Address
- 240 Route 519 Pohatcong Township, Warren County, New Jersey, 08865 United States
- Coordinates: 40°39′06″N 75°09′09″W﻿ / ﻿40.651699°N 75.152577°W

District information
- Grades: PreK-8
- Superintendent: Diane Mandry
- Business administrator: Tim Mantz
- Schools: 1

Students and staff
- Enrollment: 309 (as of 2022–23)
- Faculty: 31.0 FTEs
- Student–teacher ratio: 10.0:1

Other information
- District Factor Group: DE
- Website: www.pohatcong.org
| Ind. | Per pupil | District spending | Rank (*) | K-8 average | %± vs. average |
| 1A | Total Spending | $17,606 | 24 | $18,891 | −6.8% |
| 1 | Budgetary Cost | 14,118 | 25 | 14,159 | −0.3% |
| 2 | Classroom Instruction | 9,033 | 33 | 8,659 | 4.3% |
| 6 | Support Services | 1,866 | 19 | 2,167 | −13.9% |
| 8 | Administrative Cost | 1,487 | 22 | 1,547 | −3.9% |
| 10 | Operations & Maintenance | 1,698 | 30 | 1,612 | 5.3% |
| 13 | Extracurricular Activities | 33 | 11 | 104 | −68.3% |
| 16 | Median Teacher Salary | 57,635 | 34 | 61,136 |
Data from NJDoE 2014 Taxpayers' Guide to Education Spending. *Of K-8 districts with up to 400 students. Lowest spending=1; Highest=71

= Pohatcong Township School District =

School district in Warren County, New Jersey, US

The Pohatcong Township School District is a comprehensive community public school district that serves students in pre-kindergarten through eighth grade from Pohatcong Township, in Warren County, in the U.S. state of New Jersey.

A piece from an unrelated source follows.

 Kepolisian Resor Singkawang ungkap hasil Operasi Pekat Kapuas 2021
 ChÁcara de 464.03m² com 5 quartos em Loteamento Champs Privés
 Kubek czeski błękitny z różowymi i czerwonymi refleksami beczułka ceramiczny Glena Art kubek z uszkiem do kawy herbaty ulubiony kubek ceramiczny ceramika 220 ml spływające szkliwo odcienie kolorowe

As of the 2022–23 school year, the district, comprised of one school, had an enrollment of 309 students and 31.0 classroom teachers (on an FTE basis), for a student–teacher ratio of 10.0:1.

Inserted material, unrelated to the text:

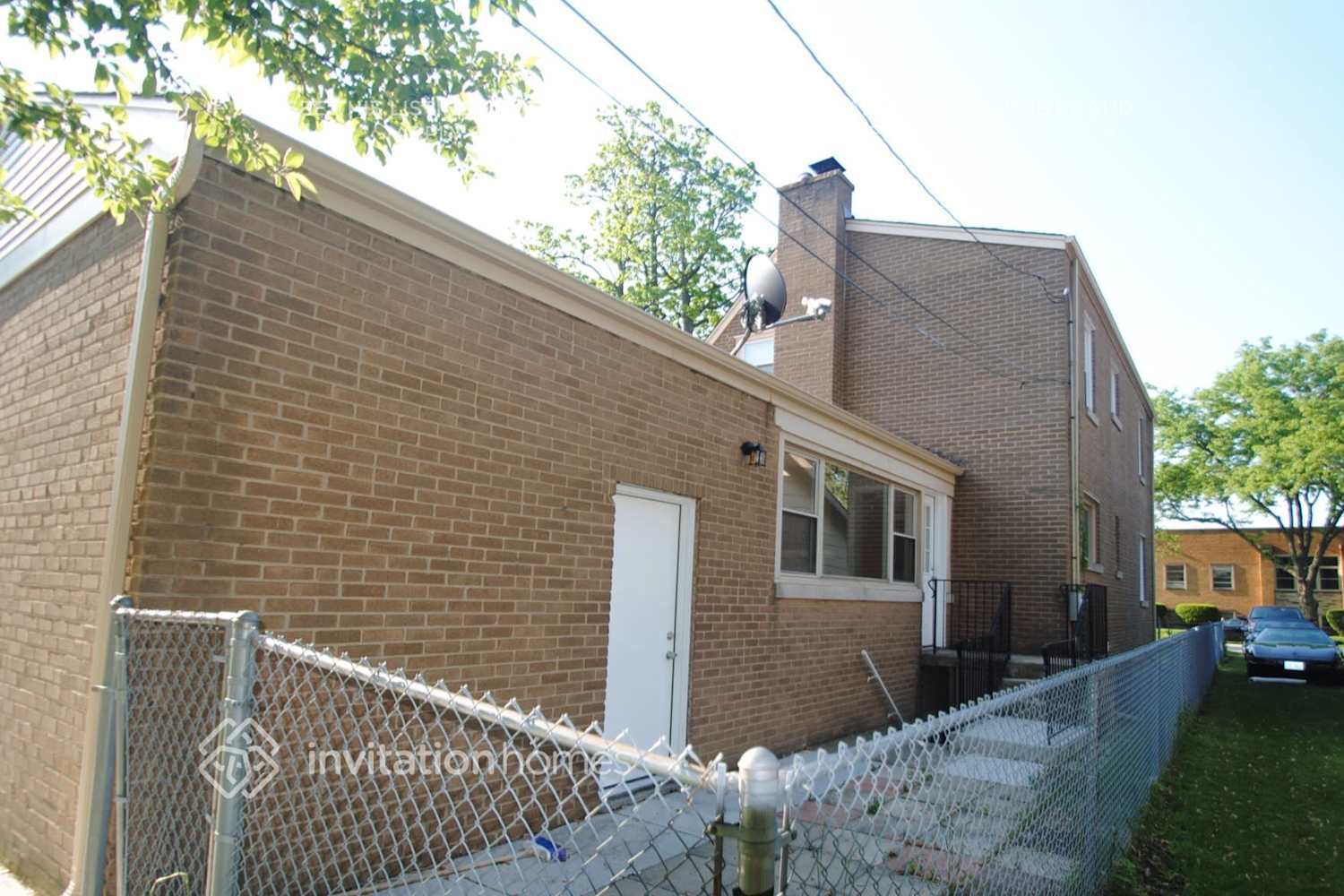 Building Photo - 9852 Schiller Blvd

The district is classified by the New Jersey Department of Education as being in District Factor Group "DE", the fifth-highest of eight groupings by common socioeconomic characteristics.

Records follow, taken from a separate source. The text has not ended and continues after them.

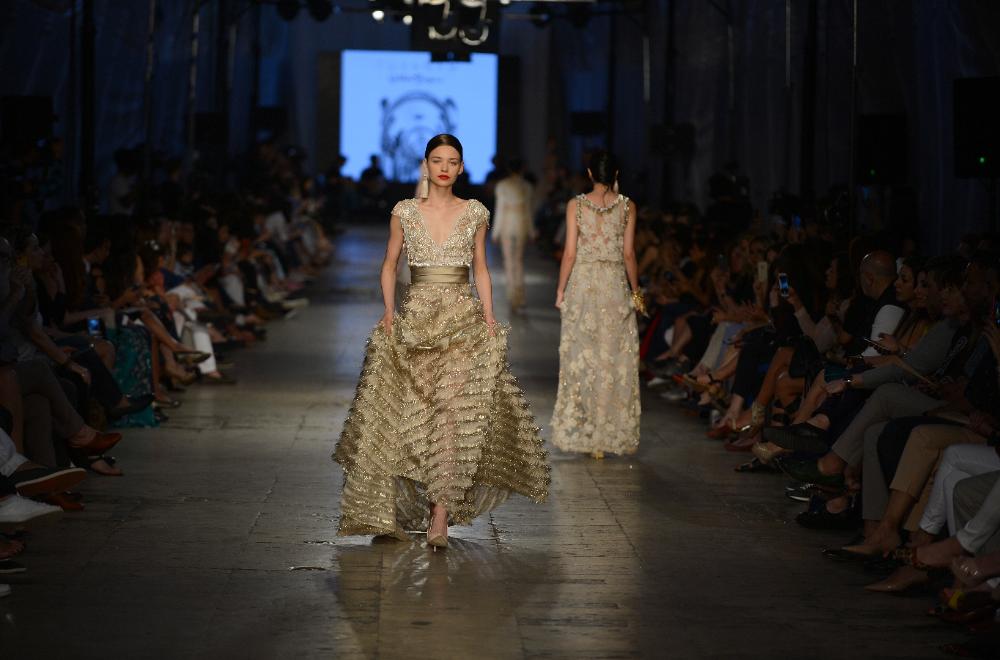 “Golden Bazaar”Defilesi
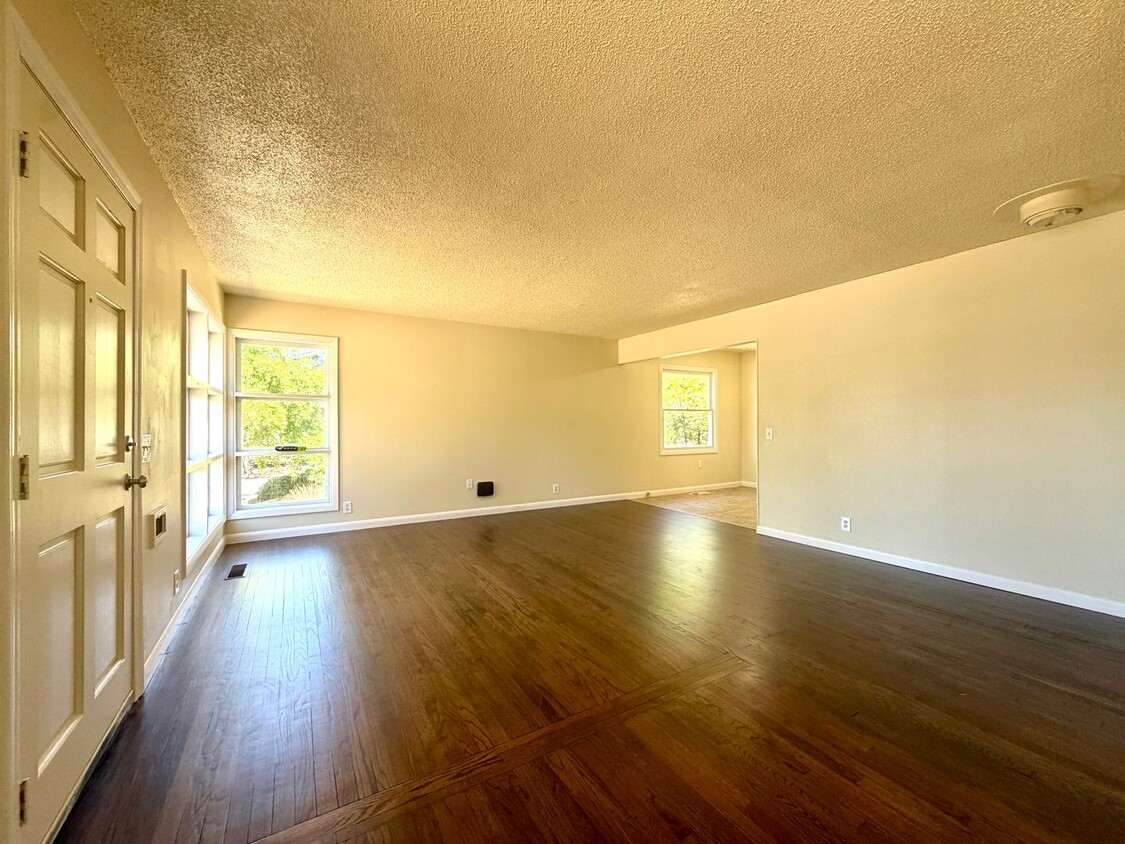 Photo - 8020 N St Johns Ave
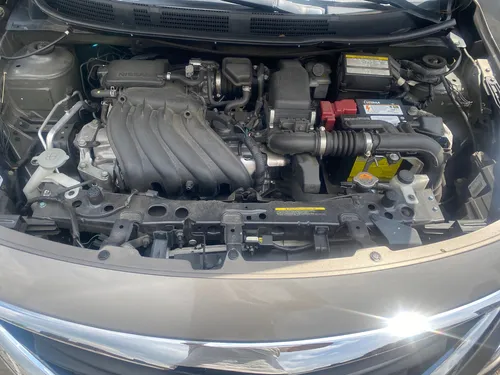 Nissan Versa 1.6 Advance mecanico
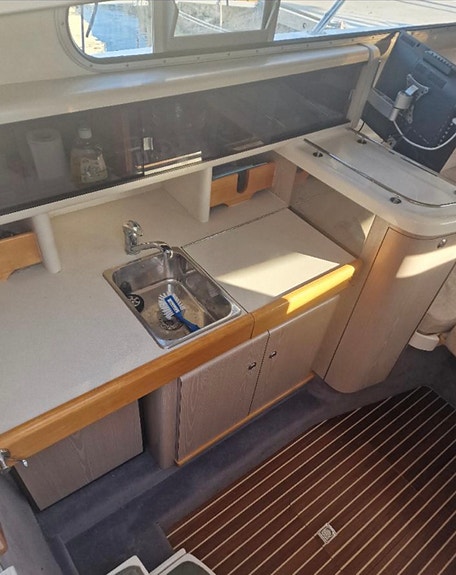 Sealine 270 – KAD 42 Diesel 6 of 9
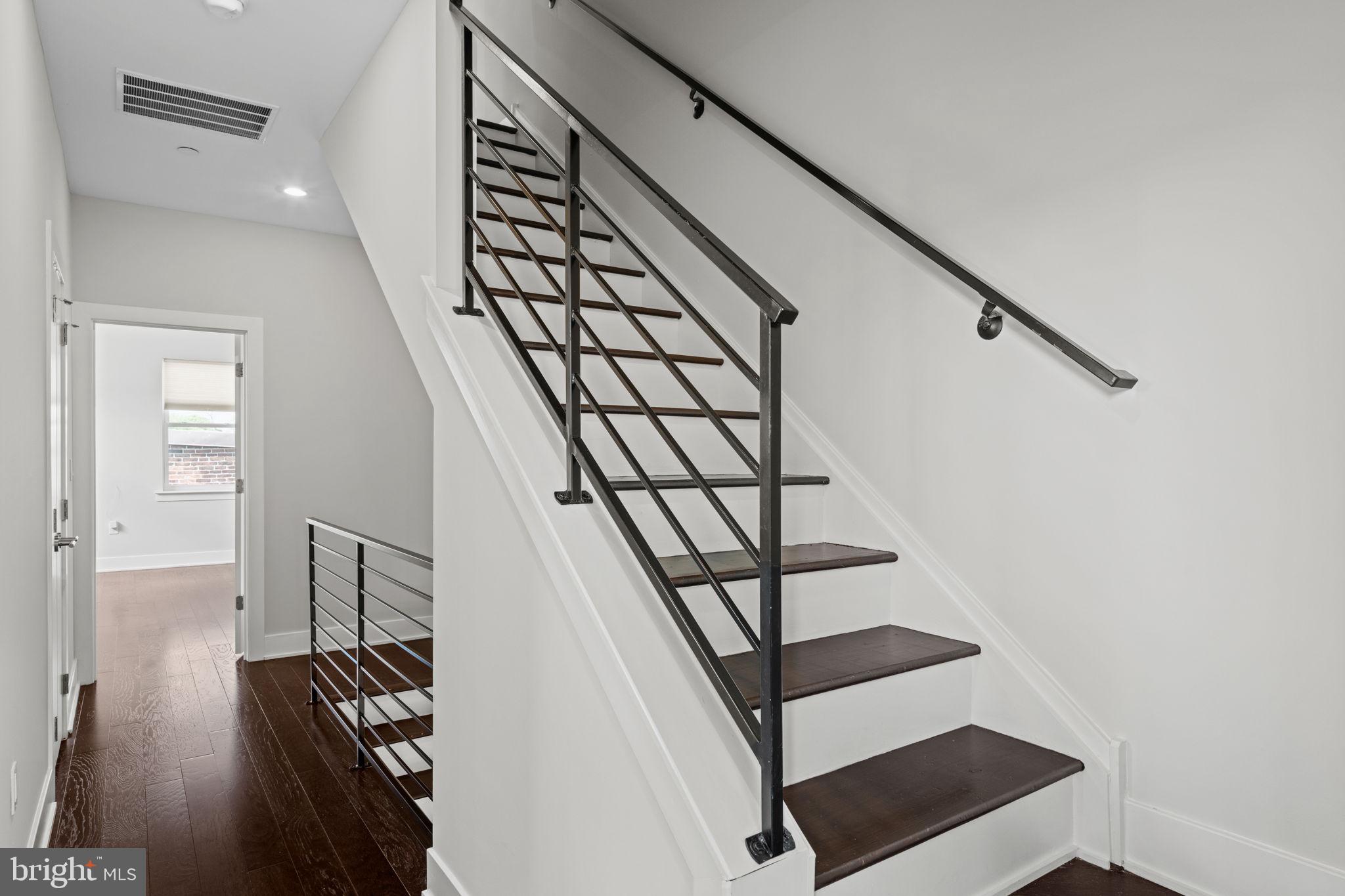 FAIRMOUNT - Residential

Public school students in ninth through twelfth grades attend Phillipsburg High School in Phillipsburg, which serves students from the Town of Phillipsburg as part of a sending/receiving relationship with the Phillipsburg School District. The high school also serves students from four other sending communities: Alpha, Bloomsbury (in Hunterdon County), Greenwich Township and Lopatcong Township. As of the 2018–19 school year, the high school had an enrollment of 1,650 students and 126.5 classroom teachers (on an FTE basis), for a student–teacher ratio of 13.0:1.

==Schools==
Schools in the district (with 2018–19 enrollment data from the National Center for Education Statistics) are:
- Pohatcong Township Elementary School for Pre-K to grade 8 (302 students)
  - Keith Kullman, principal

==Administration==
Core members of the districts' administration are:
- Diane Mandry, superintendent
- Tim Mantz, business administrator and board secretary

==Board of education==
The district's board of education, comprised of nine members, sets policy and oversees the fiscal and educational operation of the district through its administration. As a Type II school district, the board's trustees are elected directly by voters to serve three-year terms of office on a staggered basis, with three seats up for election each year held (since 2012) as part of the November general election. The board appoints a superintendent to oversee the district's day-to-day operations and a business administrator to supervise the business functions of the district.